Fish migration is mass relocation by fish from one area or body of water to another. Many types of fish migrate on a regular basis, on time scales ranging from daily to annually or longer, and over distances ranging from a few metres to thousands of kilometres. Such migrations are usually done for better feeding or to reproduce, but in other cases the reasons are unclear.
Fish migrations involve movements of schools of fish on a scale and duration larger than those arising during normal daily activities.

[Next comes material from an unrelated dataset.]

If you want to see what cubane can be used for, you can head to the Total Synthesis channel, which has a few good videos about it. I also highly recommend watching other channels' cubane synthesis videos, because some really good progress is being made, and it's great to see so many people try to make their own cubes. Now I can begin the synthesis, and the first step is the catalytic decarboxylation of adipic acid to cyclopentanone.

Some particular types of migration are anadromous, in which adult fish live in the sea and migrate into fresh water to spawn; and catadromous, in which adult fish live in fresh water and migrate into salt water to spawn.
Marine forage fish often make large migrations between their spawning, feeding and nursery grounds. Movements are associated with ocean currents and with the availability of food in different areas at different times of year. The migratory movements may partly be linked to the fact that the fish cannot identify their own offspring and moving in this way prevents cannibalism. Some species have been described by the United Nations Convention on the Law of the Sea as highly migratory species. These are large pelagic fish that move in and out of the exclusive economic zones of different nations, and these are covered differently in the treaty from other fish.

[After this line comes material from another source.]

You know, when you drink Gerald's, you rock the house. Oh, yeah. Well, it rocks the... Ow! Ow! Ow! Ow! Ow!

Salmon and striped bass are well-known anadromous fish, and freshwater eels are catadromous fish that make large migrations. The bull shark is a euryhaline species that moves at will from fresh to salt water, and many marine fish make a diel vertical migration, rising to the surface to feed at night and sinking to lower layers of the ocean by day. Some fish such as tuna move to the north and south at different times of year following temperature gradients. The patterns of migration are of great interest to the fishing industry. Movements of fish in fresh water also occur; often the fish swim upriver to spawn, and these traditional movements are increasingly being disrupted by the building of dams.